## What is expected
In the copy, leave out the pictures and repeat all records exactly.

*****

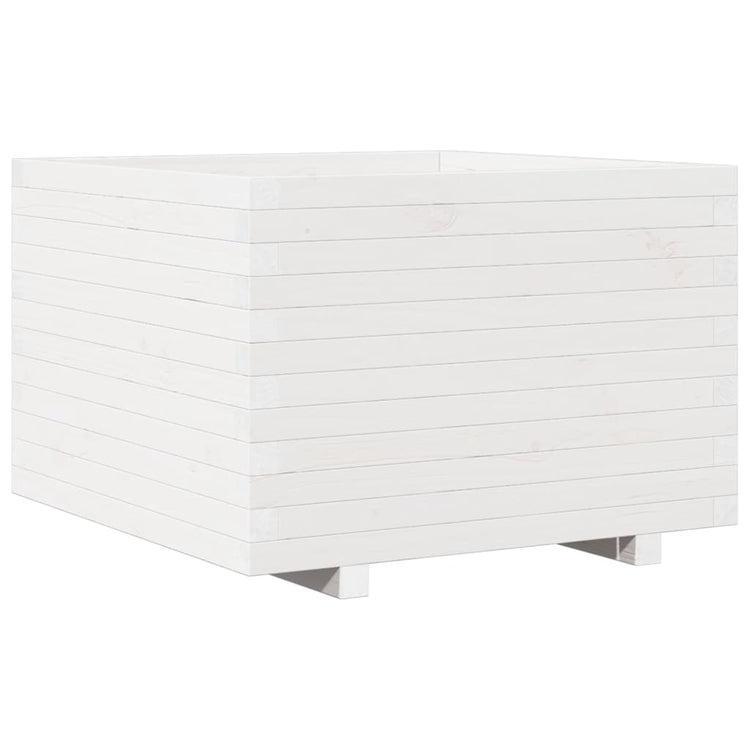 Vidaxx jardinière 70x70x49,5 cm bois de pin massif blanc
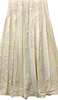 TOMORROWLAND JAPAN. BALLSEY. ivory Cotton Dobby Twill Tuck Pleated Long Skirt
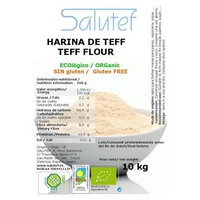 Farinha de Teff ECO 10 kg de pó - Salutef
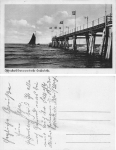 Swinoujscie Pomerania pier in flag decoration used around 1940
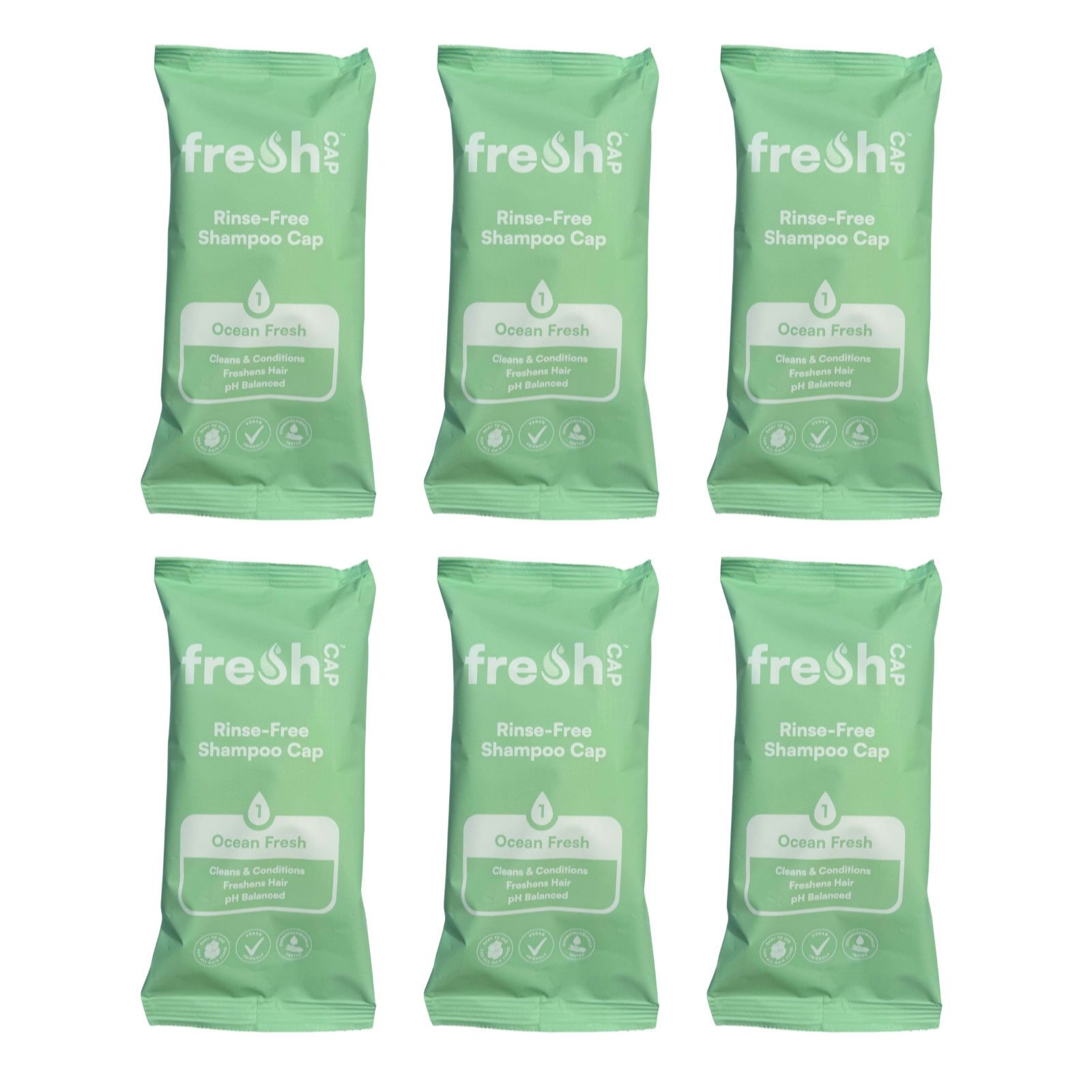 FreshWipes Shampoo Caps Set of 6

*****

## Written reply
 Vidaxx jardinière 70x70x49,5 cm bois de pin massif blanc
 TOMORROWLAND JAPAN. BALLSEY. ivory Cotton Dobby Twill Tuck Pleated Long Skirt
 Farinha de Teff ECO 10 kg de pó - Salutef
 Swinoujscie Pomerania pier in flag decoration used around 1940
 FreshWipes Shampoo Caps Set of 6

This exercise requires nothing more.